Muddy conditions hamper search for China Eastern wreckage

BEIJING (AP) — Construction excavators dug into a crash site Saturday in the search for wreckage, remains and the second black box from a China Eastern 737-800 that nosedived into a mountainside in southern China this week with 132 people on board.

Workers wearing knee-high rubber boots used shovels and other hand tools to sift through the earthen slopes in a 20-meter- (65-foot-) deep pit left by the plane. Debris and other items were collected in dozens of rectangular, mud-stained plastic containers.

Pumps were used to drain water as muddy conditions in the rainy Guizhou region hampered the search. One excavator stopped working after getting partially stuck, state broadcaster CCTV said.

No survivors have been found, and the cause of the crash remained a mystery.
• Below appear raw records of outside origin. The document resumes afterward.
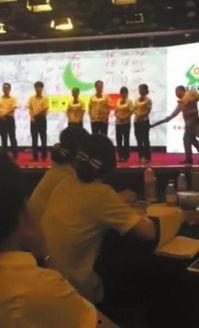 国产打屁股视频免费区,揭秘网络红人打屁股趣味瞬间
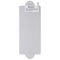 ZAGG InvisibleShield (Glass Elite+) for Samsung Galaxy A71 5G UW - Clear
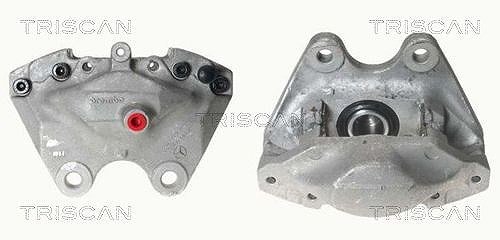 Triscan Bremssattel -AUSTAUSCHTEIL [Hersteller-Nr. 8170343445] für Mercedes-Benz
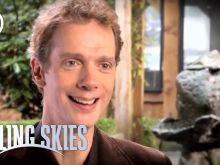 Doug Jones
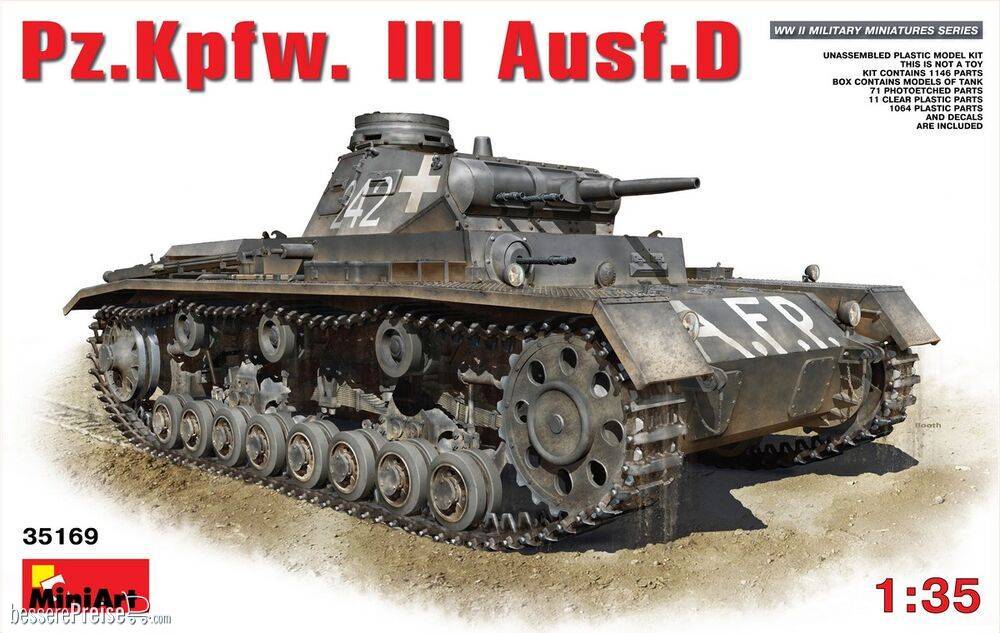 MiniArt 35169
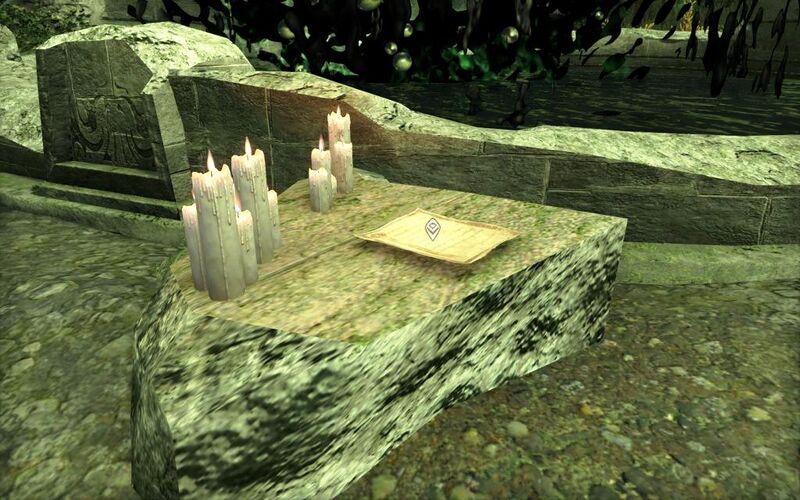 Файл:ON-quest-Fate's Proxy.jpg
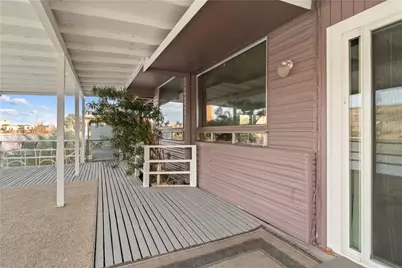 351 Krueger Lane, Bullhead City, AZ 86429 - Photo 47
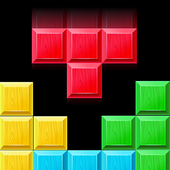 Puzzle Blocks For PC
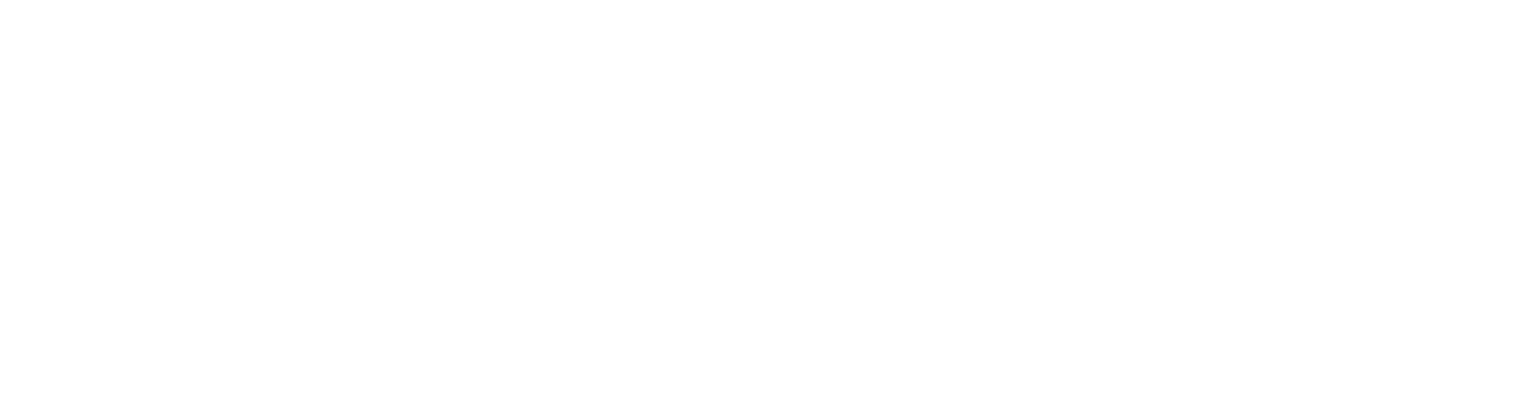 Beamr Imaging logo large for dark backgrounds (transparent PNG)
An air traffic controller tried to contact the pilots several times after seeing the plane’s altitude drop sharply but got no reply, officials have said.

Searchers found the cockpit voice recorder on Wednesday but have yet to find the flight data recorder.

Authorities said Saturday that forensic and criminal investigation experts had confirmed the identities of 114 passengers and six crew members, or 120 of the 132 people on the flight.

The domestic flight from the city of Kunming in southwestern China was flying at 29,000 feet (8,800 meters) when it suddenly plunged to the ground, shortly before it would have started its descent to the airport in Guangzhou, a provincial capital and export manufacturing hub near Hong Kong on China’s southeastern coast.

China Eastern, one of China’s four major airlines, and its subsidiaries have grounded all of their 737-800 aircraft, a total of 223 planes. The carrier said the grounding was a precaution, not a sign there was anything wrong.